This is an abbreviated book review of historian Jacques Barzun’s seminal 1959 critique of American culture, The House of Intellect*. However, I shall begin instead by citing one of my favorite movie scenes, from Lewis Gilbert’s 1983 film, “Educating Rita,” for it will help to amplify one of Barzun’s many concerns.
Rita, a “lower class,” ambitious hairdresser (presumably of playwright Willy Russell’s Liverpool), feeling that she is suffocating in her station and wants a “better song to sing,” enrolls in Britain’s Open University to satisfy a hunger to broaden her mind and horizons. She is assigned a literature professor, Frank Bryant, who has lost his zest for life and for his subject, and is drinking himself down the drain. Rita is asked to answer in essay form the question of how best to stage Henrik Ibsen’s play, Peer Gynt.
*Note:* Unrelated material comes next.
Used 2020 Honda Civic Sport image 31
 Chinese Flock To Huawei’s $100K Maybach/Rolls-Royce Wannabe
She turns in a paper in which she says, simply, “Do it on the radio.” (Watch the scene here, between minutes 5:55 and 8:44.)
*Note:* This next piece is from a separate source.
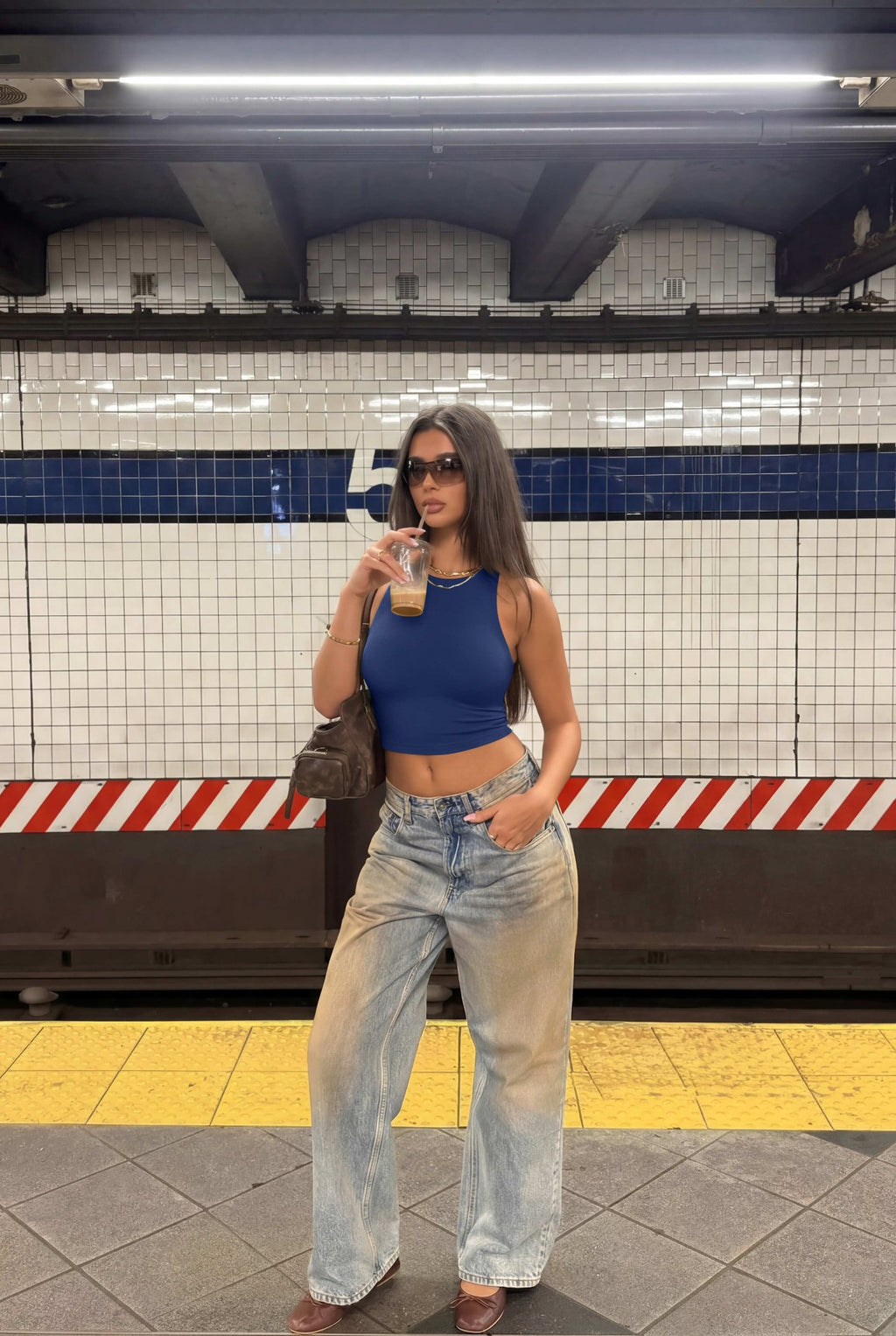 Sleeveless Halter Neck Tank Crop Tops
Bryant mildly upbraids her for her unintentional “flip” brevity, which, while it conveys the right answer, doesn’t begin to explain why and so wouldn’t be good enough for her to pass an exam. Rita replies that she wanted to “encapsulate” her answer in one line. But she repairs to a desk in Bryant’s office to write out her explanation, which she initially didn’t think needed elaboration or explication. Her rewrite reveals to Bryant that she has read up on Ibsen and is deadly earnest about her ambition. She writes:
In attempting to resolve the staging difficulties of a production of Ibsen’s Peer Gynt, I would present it on the radio, because, as Ibsen himself said, he wrote it as a play for voices, never intending it to go on in a theater. If they had had the radio in his day, that is where he would have done it.
This explanation pleases Bryant. He smiles and nods to Rita in acknowledgement.
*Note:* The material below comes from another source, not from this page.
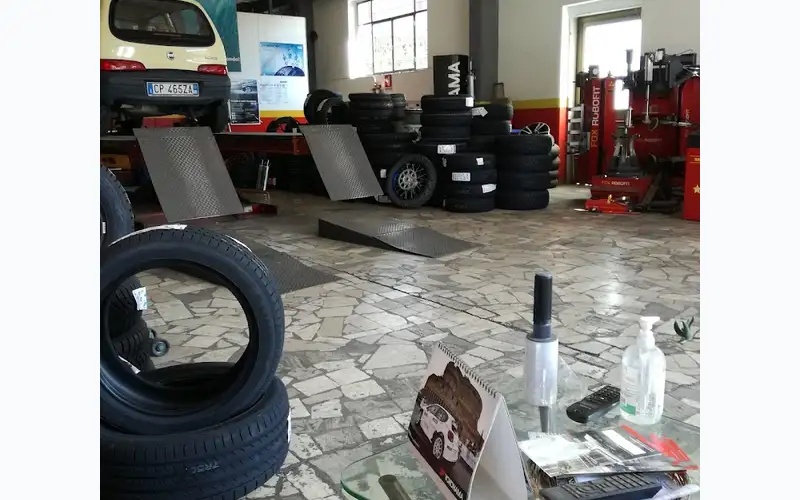Foto dell'officina Alessio Gomme - Arezzo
Jacques Barzun (1907-2012), originally a French citizen, was a prolific historian and cultural critic who came to the U.S. in 1919 to join his father who was on a diplomatic mission and became a U.S. citizen in 1933. I discovered Barzun and his House of Intellect in an antiquarian bookshop in Palo Alto. What I enjoyed most about Barzun in that book and in his later works was the breadth of his knowledge and his way of approaching his subjects.
Barzun died in 2012 at the age of 104 years. He witnessed much of the 20th century and a preview of the 21st, which must have dismayed him. The London Telegraph began its October 26th, 2012 obituary of him:
The sheer scope of his knowledge was extraordinary. Barzun’s eye roamed over the full spectrum of Western music, art, literature and philosophy. A champion of the liberal arts tradition in higher education, he deplored what he called the “gangrene of specialism”.
Barzun’s intellectual ancestors were Gibbon, Burkhardt and Macaulay. The work of history, he declared, should include “the range and wildness of individuality, the pivotal force of trifles, the manifestations of greatness, the failure of unquestioned talent”.
http://ruleofreason.blogspot.com/2013/12/rita-discovers-house-of-intellect.html
The traditional purpose of the university — the teaching of the knowledge of the past — was, he insisted, increasingly under threat; and in a speech in the United States in 1963 he warned that “the best colleges today are being invaded, not to say dispossessed, by the advance agents of the professions, by men who want to seize upon the young recruit … and train him in a ‘tangible skill’.”